Here are my 3 key steps to figuring out how to properly hydrate for long-course triathlon:
- Weigh yourself: At least once a week weigh yourself before and after a training session. Keep a log handy to track the changes in weight. I like one hour runs or bike trainer sessions because I don’t need to drink making it easy to determine sweat rate from changes in weight. Also track the air temperature if possible in your log to get an idea of how it affects your sweat rate. For calculation purposes 1 pound = 16 fluid ounces or .95 kilograms = 1 liter. This isn’t perfect science but it’s simple and pretty effective.
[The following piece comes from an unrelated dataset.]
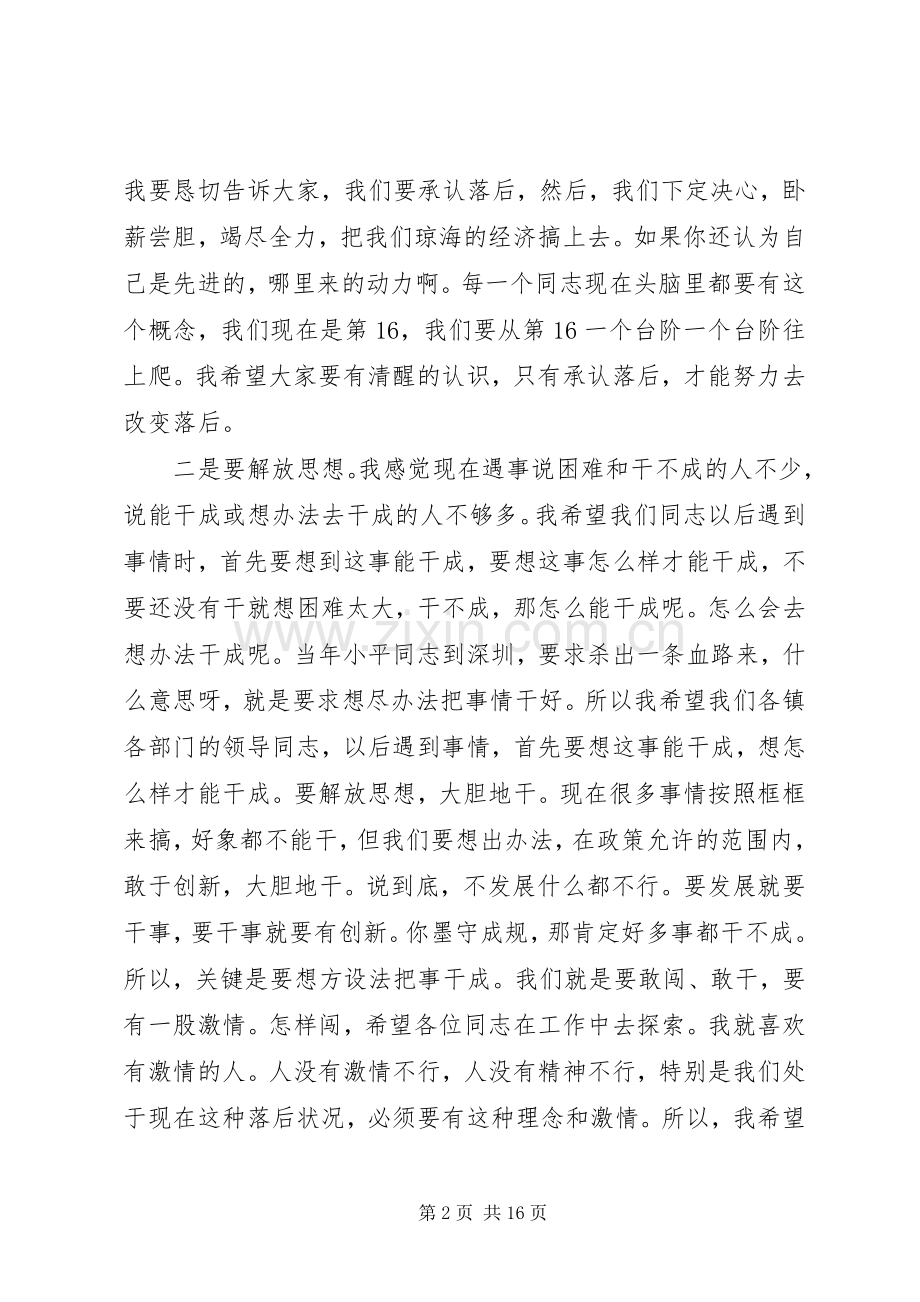 转变干部作风心得2.docx_第2页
- Be flexible: There is no one perfect hydration plan that works for all situations. Do your homework on your hydration needs and adjust to the conditions on race day. If it’s warmer or cooler than expected hydration needs to be adjusted up or down, respectively to match your race pace to the conditions.
- Keep your head in the race: Your thirst mechanism was developed over thousands of years of evolution but your race emotions weren’t. Learning to stay calm and focused puts you in control of the number one rule of long course triathlon racing, which is take care of yourself at all times in the race.